Holding Escrow After Settlement Could Cause Headaches

September 1 2010

 

Once you finally go to settlement it would be wonderful if all the loose strings were neatly tucked in and all the checks were written to make all parties happy. Unfortunately, that’s not always the case. Especially when it comes to the exchange of moneys between buyers and sellers to wrap up a transaction when walk-through items have been identified and must be remedied.

The walk-through by the buyer usually takes place just before settlement. Depending on your market and whether or not the sellers are out of the house, the walk-through can happen a few days before settlement, the day of settlement, or in the case of a rent-back by the seller, several days, weeks or months after settlement.

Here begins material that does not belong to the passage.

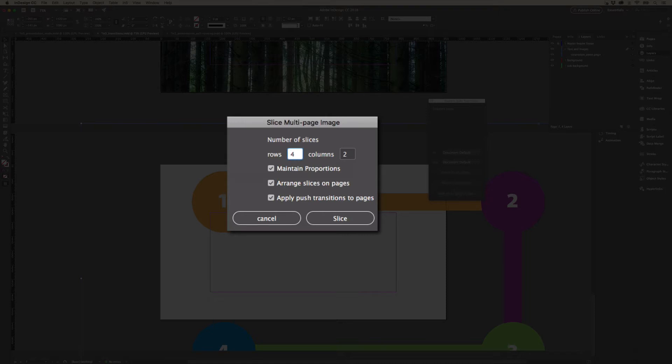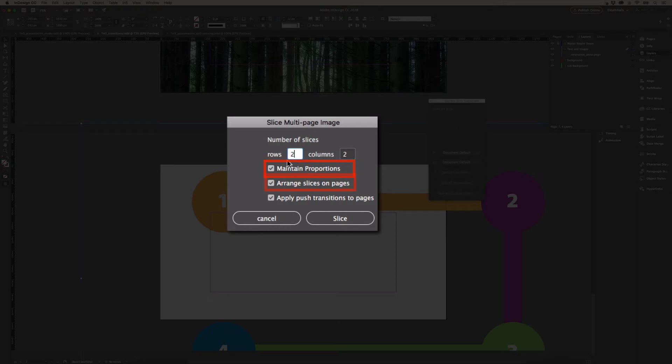I can set that up and it'll automatically resize it for me and slice it up. But let's leave it as the default because we really do want a two by two grid here. There's this option to maintain the proportions, and then it will automatically arrange the slices on the pages for me.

It is at this time that the buyer accepts the final condition of the property and signs away his life for the mortgage. If items are found not to his liking, then let the negotiations begin — again.

Common items might be something like stains in the carpet hidden by rugs, dings in the walls, electrical outlets or light switches that don’t work, sinks dripping, commodes leaking — you name it. While these may not be large items, if you add up the expense of fixing a few of them, you can be at a few hundred dollars to haggle over right at the last minute.

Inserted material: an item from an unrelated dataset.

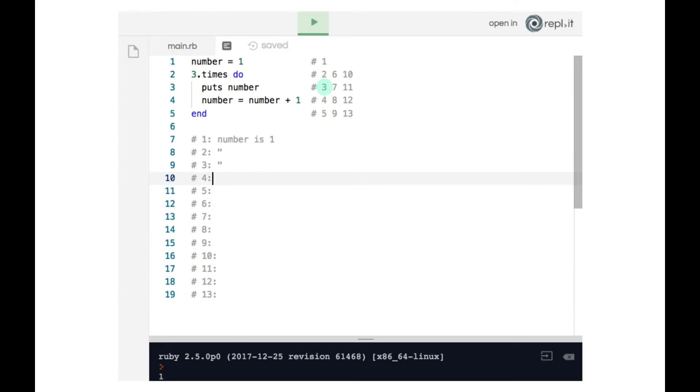Now on line four, number gets increased by one. Now since right now number is one, when it gets increased by one, that means number is now two.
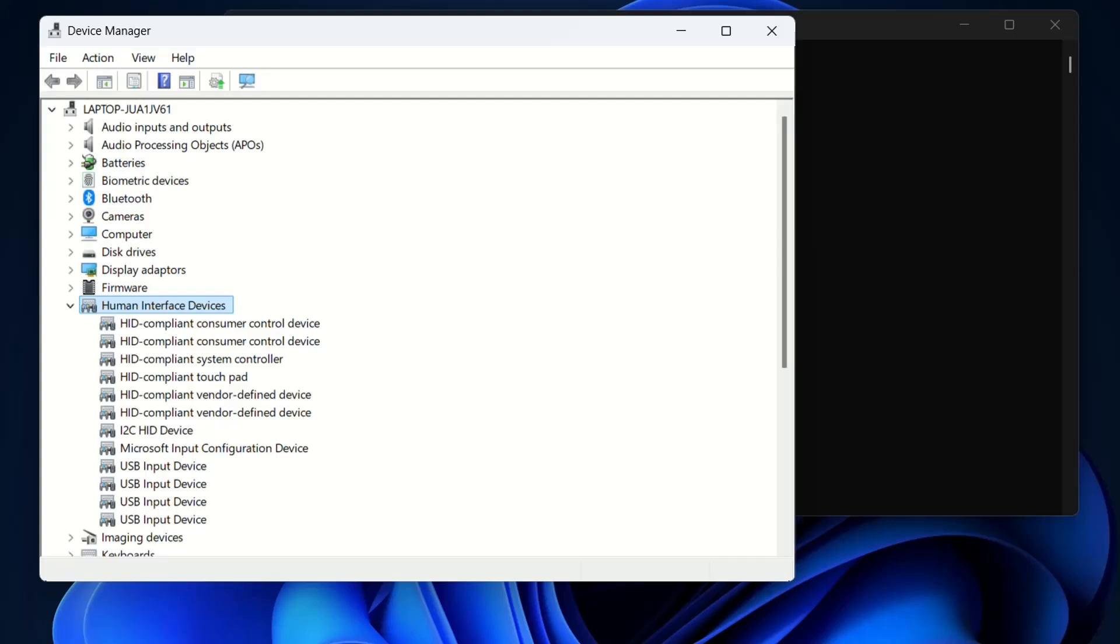Hello everyone and welcome to LearnTech. In this video I'll show you how to fix the HID compliant touchscreen missing on Windows 10 and Windows 11.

If you find you’re in this situation, you have three options:

  • The seller can take responsibility and fix the items by having a vendor run over there and take care of the problems. This could also be done by agreeing to a fix-up amount of money and paying the vendor up front; 
  • Provide a credit at settlement to the buyer (check with the lender); 
  • Put money in escrow whereby the vendor bills the settlement company and the funds are paid out of that account (check with lender).It all sounds so simple, doesn’t it? And yet, lawsuits have been launched over those pesky walk-through items. With number 2 and 3, for instance, what do you do if the initial fixing of the front porch light uncovers a host of electrical problems stemming from Mr. Seller’s home-improvement project a few months earlier? Now, Mr. Buyer wants a lot more than just the money in escrow.

    The problems with letting a house exchange hands that is not completely clean of defects (at least at the time of settlement) go on and on. If the lender wants to sell the loan after settlement, outstanding repairs make it difficult, if not impossible to sell it on the secondary market.

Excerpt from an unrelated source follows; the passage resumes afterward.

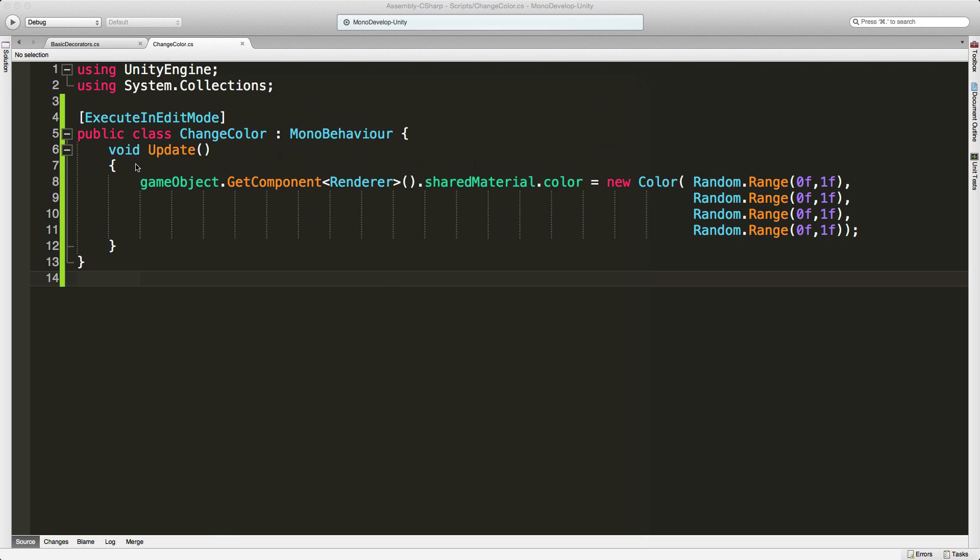So it's just a basic script. All I'm doing is during the update, grabbing its color, and I'm just changing its color between the red, green, and blue values, and also its alpha.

    Relocation companies won’t allow escrow money, period. They want the transaction ended on the day of settlement. In other words, the settlement may be postponed until the items are fixed.

    If you decide to leave money in escrow, what will you do if you’ve left too much? For some reason, many buyers believe that since you agreed to $500 to repair and paint the wall in the living room, that if the actual bill comes up to only $300, they’re entitled to the remaining 200 bucks.

    Unless the buyer and seller agree to the release of the escrow funds, it customarily cannot be released. Remember, the settlement/escrow company is the representative of the transaction, not necessarily the buyer or seller. They must protect the escrow fund until all parties agree or a court orders the release of the money.

    The best practice is to simply not do escrow. Fix the problem and finish the deal. If you must, however, make sure the seller and buyer draw up a very detailed agreement that answers at least these questions:

  • Who’s holding the money? 
  • Signed by the buyer, seller and the escrow agent. 
  • What’s the money for? And, what is the term of use (be very detailed.) 
  • How is the money to be released (i.e., can it be released upon the receipt of an invoice from the vendor)? 
  • If there’s any balance, who gets it and can it be released immediately?In essence, put everything in writing and leave nothing up to supposition.